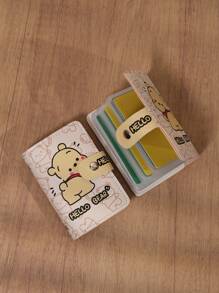 Estuche compacto para mujer con 20 ranuras para tarjetas, puede almacenar tarjetas, licencia de conducir y varias tarjetas, diseño de gato de dibujos animados con botón a presión, regalo de estuche para tarjetas con diseño de gato creativo y doodle para mujeres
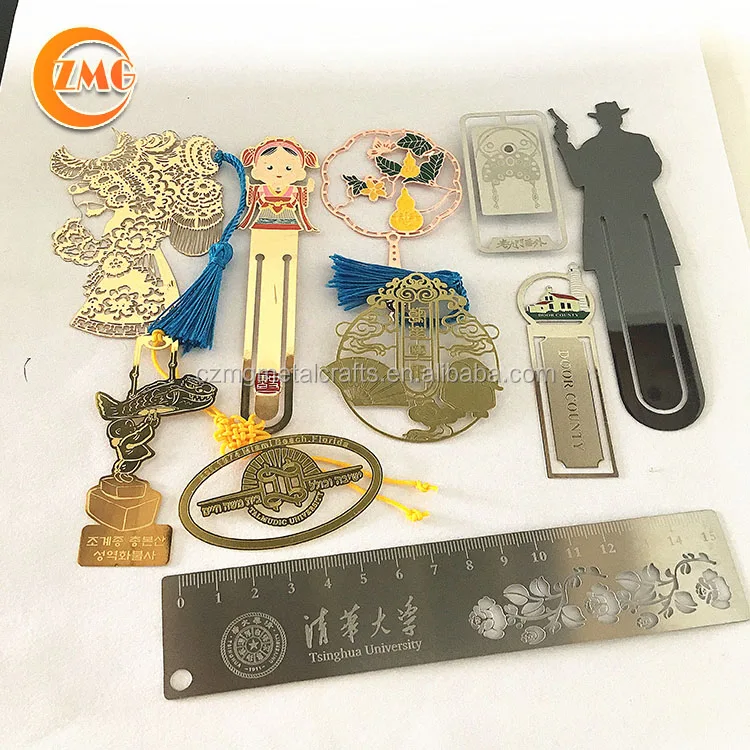 Factory directly supply Free Design Service different types of high quality metal bookmark custom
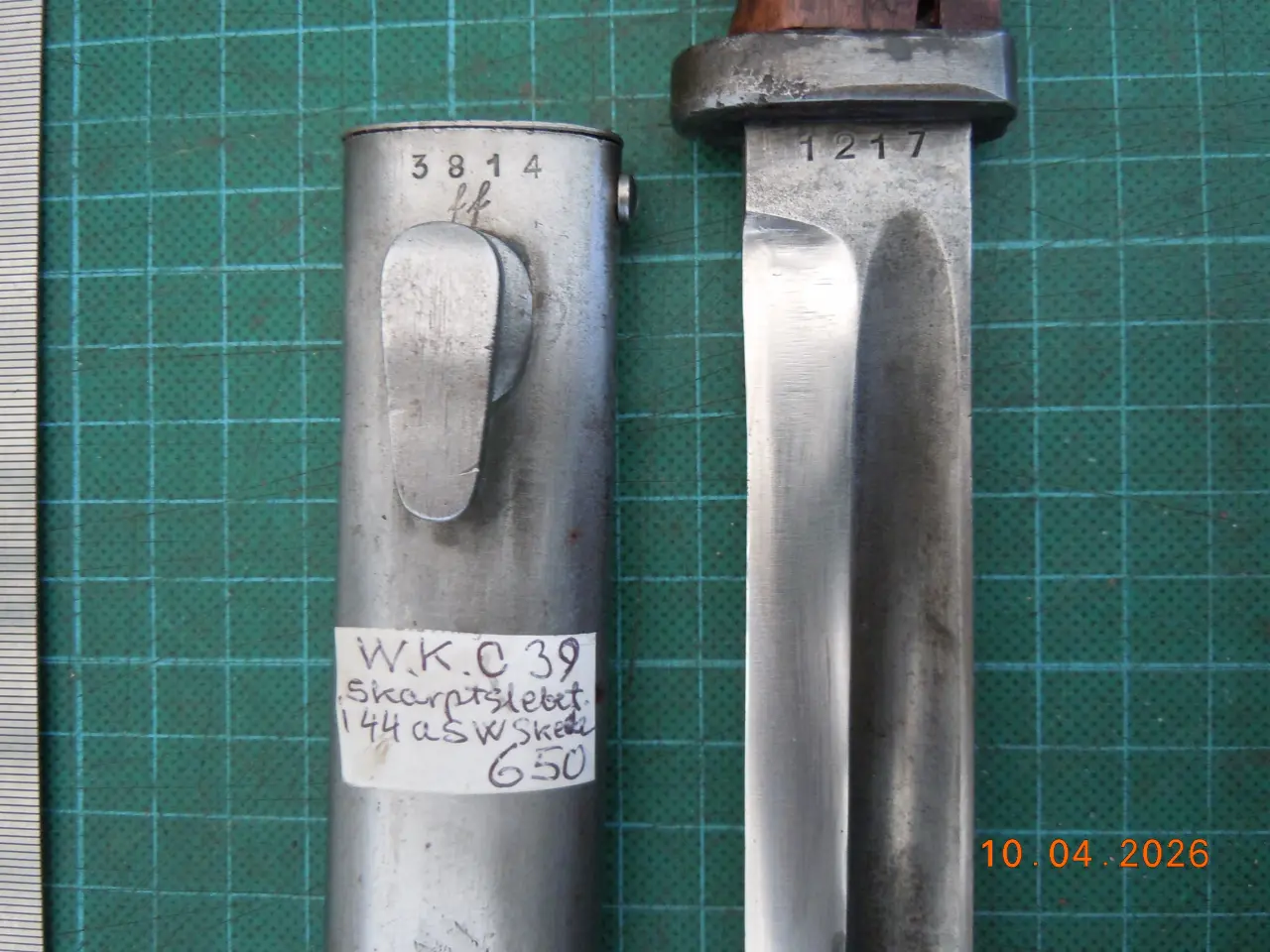 Billede 5 - Bajonet, tysk, 84/98 model, med stålskede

→ **To do**: The copy should hold exactly the lines from the line containing "Factory directly supply" through the end of the data, both ends included, and no pictures.

→ **Response for this exercise**:
 Factory directly supply Free Design Service different types of high quality metal bookmark custom
 Billede 5 - Bajonet, tysk, 84/98 model, med stålskede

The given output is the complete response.